Однажды Буденный задался вопросом: «А почему у нас на скачках нет русских троек?» Подчиненные взяли под козырек и бросились искать эти тройки по всей стране. Где-то за Ханты-Мансийском нашли конюха-энтузиаста, который на самоорганизованном ипподроме ездил на русской тройке. И его вызвали в Москву. Сыновья его — тоже мастера-наездники — теперь мои друзья. Но ужас заключался в том, что хранителя традиций русской тройки звали Моисей Гидальевич Пупко — огромный рыжий еврей. А ведь на скачках принято объявлять клички коней и имена наездников. И вот представьте, например: «Русская тройка: коренник Рыцарь, правая пристяжная Людмила, левая пристяжная Клеопатра, мастер-наездник Моисей Гидальевич Пупко». Невозможно! И тогда его стали уговаривать сменить имя и отчество на Михаила Григорьевича. Он категорически отказался. Подключили Буденного — тщетно. Тогда вызвали меня. И на конюшне под четыре литра самогона, слезы и разговоры о том, в какой стране мы живем, я его уговорил. Пупко на скаковое поле выехал Михаилом Григорьевичем…

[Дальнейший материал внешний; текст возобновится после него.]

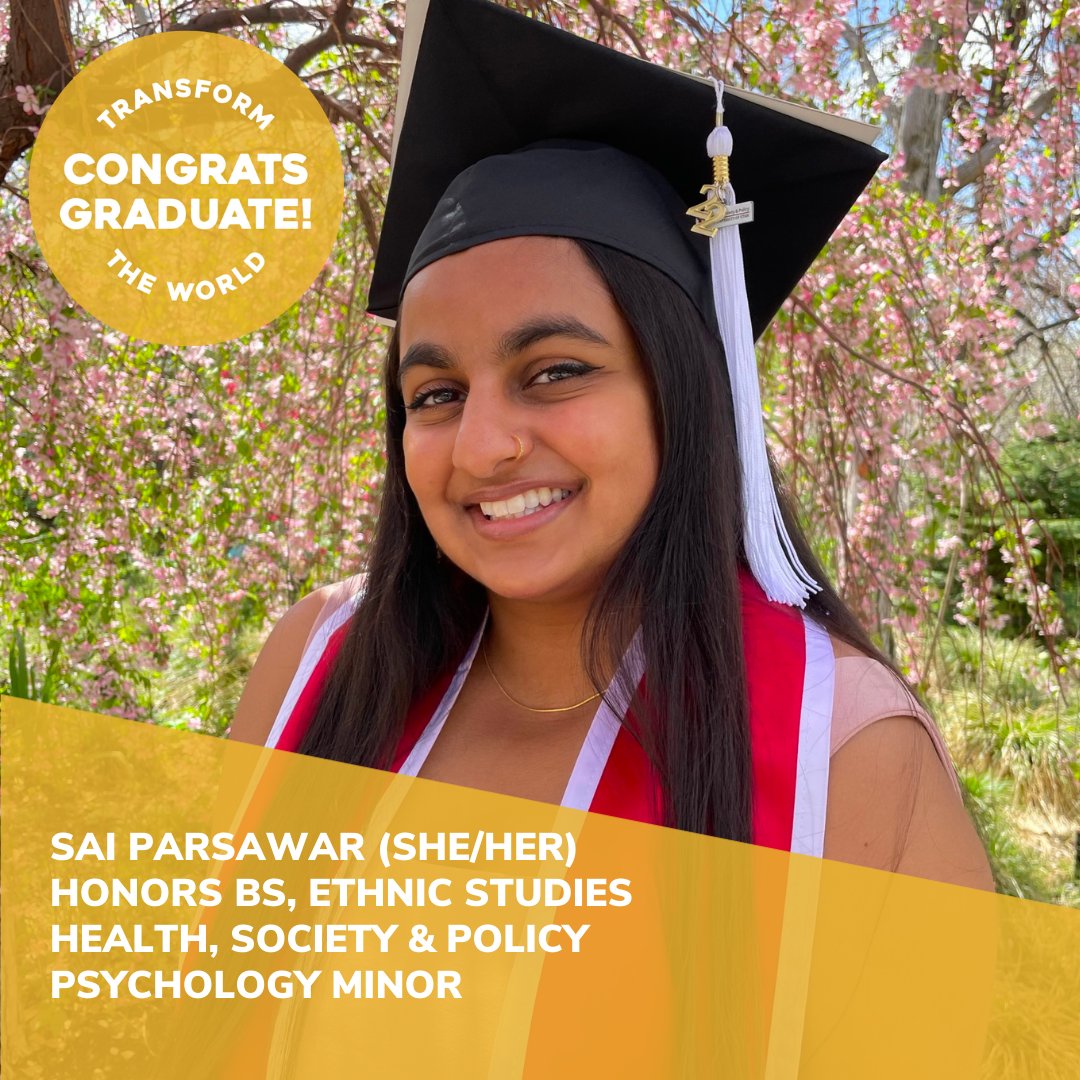 uofutransform's tweet photo. Felicidades to our graduate Sai (she/her) @sai_parsawar. Check out her most memorable experience in Transform. So powerful to hear our faculty's impact! We are so excited for you. #TransformGrads #UtahGrad22 https://t.co/WI5zsZFK67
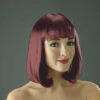 Barbara Long Straight Burgundy Bob Wig | Box Bob | Wigs And Hair Pieces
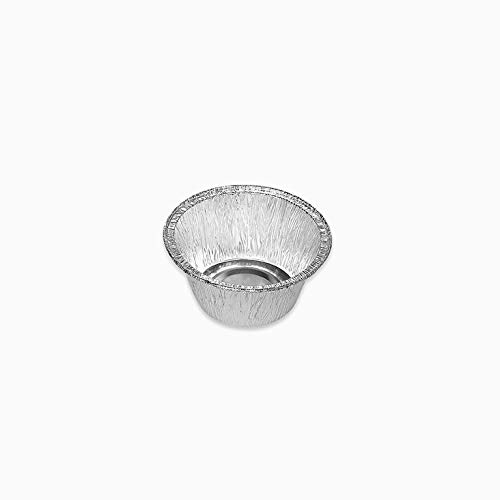 Horeca Collection Molde de Aluminio Redonda Ideal de flanera, para Magdalenas, Tartas de Huevo, Mini Tartas o Cupcakes - tamaño Ø8x3,8cm - 336 uds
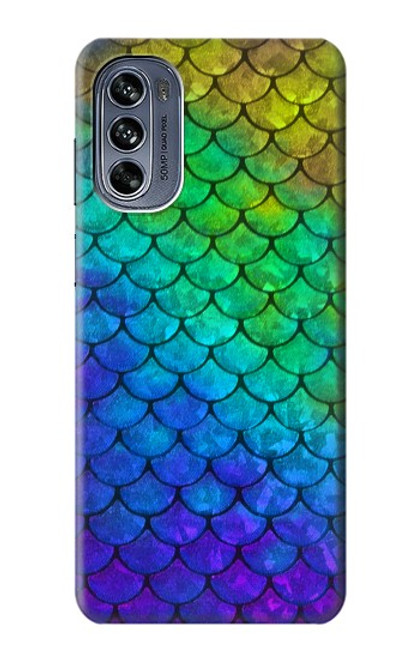 S2930 Mermaid Fish Scale Case For Motorola Moto G62 5G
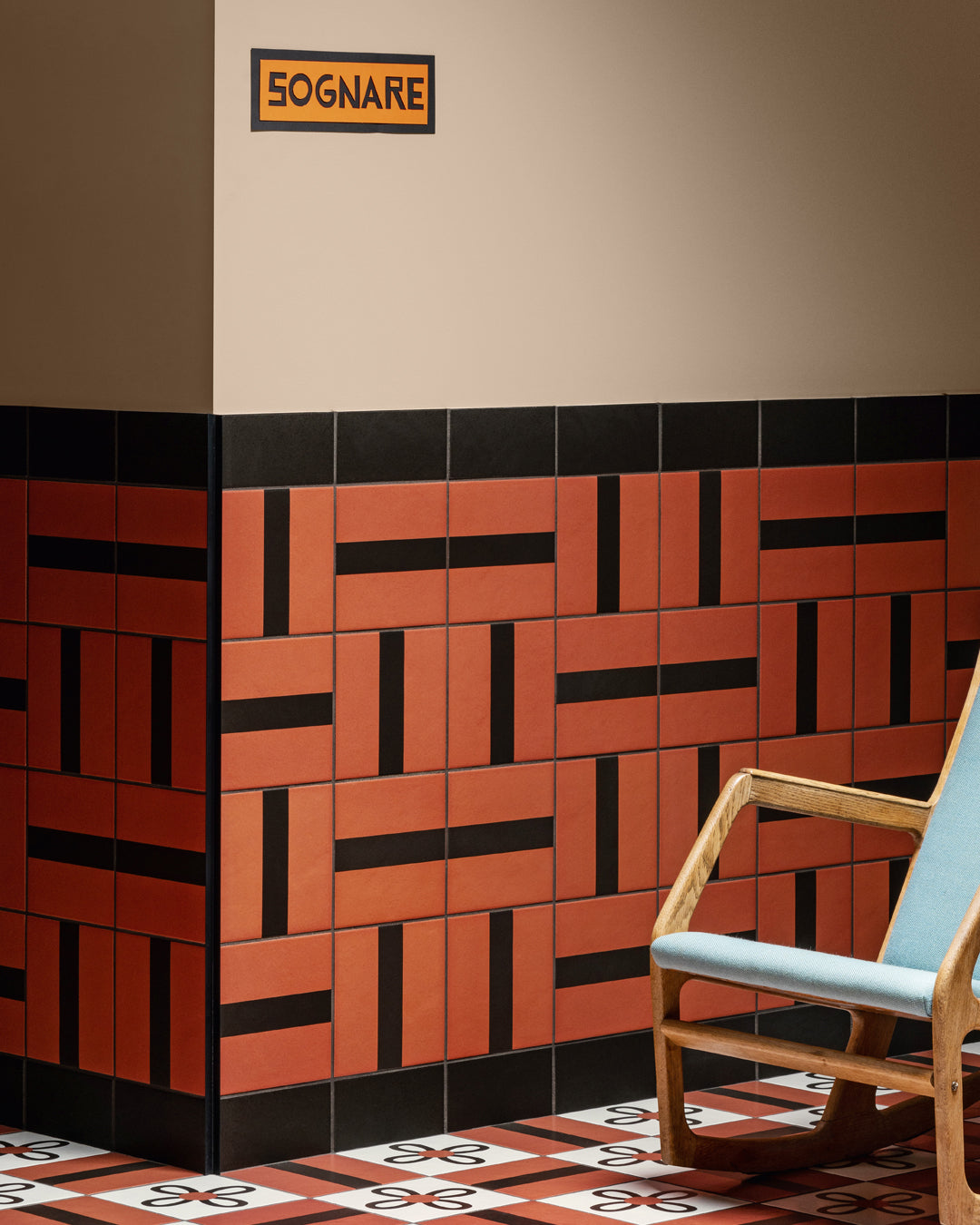 Mutina - Margherita Tiles in enamelled porcelain grés, 20.5x20.5, line - ndm36
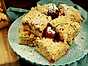 Cherry crumble cake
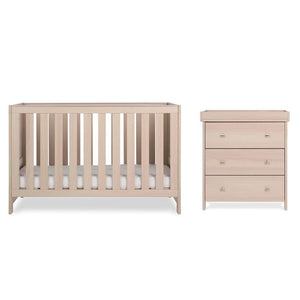 Obaby Nika 2 Piece Room Set - Aspen-Nursery Sets-Aspen-Cot Bed | Natural Baby Shower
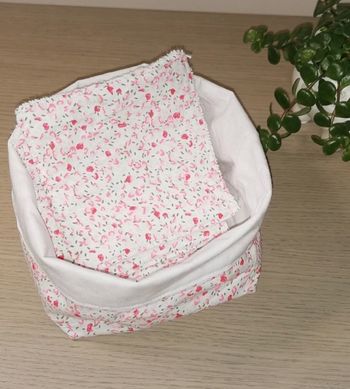 Panier avec ses cotons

Несколько лет назад мы поехали на рыбалку: Ширвиндт, Юрочка Нифонтов, Костя Карасик и я. Приехали к водоему в четыре часа утра, чуть-чуть на капоте выпили. У нас с собой не было приманки — только удочки. Но Александр Анатольевич сказал: «Меня здесь знают все». И правда, нам дали столько червяков, что Ширвиндт даже стал отказываться: «Не надо столько, это не нам — это рыбе, у нас-то закуска есть». Примерно с шести утра начали рыбачить, а в восемь часов Александр Анатольевич резюмировал: «Ни фига не ловится, ребята. Все! Давай — накрывай». Мы «организовали поляну», выпили, закусили, побалагурили. Потом он говорит: «Сейчас поедем ко мне. Ну не вышла рыбалка, бог с ней. Я Наточке позвоню — у нас еще с Валдая рыба осталась, она нам ухички сварит». Разошлись по машинам. «Только не отставайте!» — напутствует Ширвиндт. Выехали на шоссе. У него шикарная машина — он разгоняется, а мы сзади его догоняем на Костиной «десятке», которая уже просто взлетает. Минут через двадцать наш рулевой уточняет: «Ребята, а мы вообще-то куда едем? Я что-то не могу понять…» Звоним по мобильному Александру Анатольевичу: «А мы правильно едем?» Он отвечает: «Да идите вы! Я что, не знаю, где мой дом?!» Едем еще сорок минут, как вдруг из-за горизонта начинает подниматься Волоколамск... Ширвиндт прижимается к обочине, останавливается. Мы его догоняем, выходим из машины... А он так невозмутимо, так задумчиво говорит: «Да-а-а, места что-то незнакомые… Поехали в обратную сторону!» В тот день мы все-таки к нему домой попали. Наталья Николаевна нам, естественно, ухи сварила. Была еще на столе какая-то сливовица… Дальше я не помню, глаза открыл уже в театре.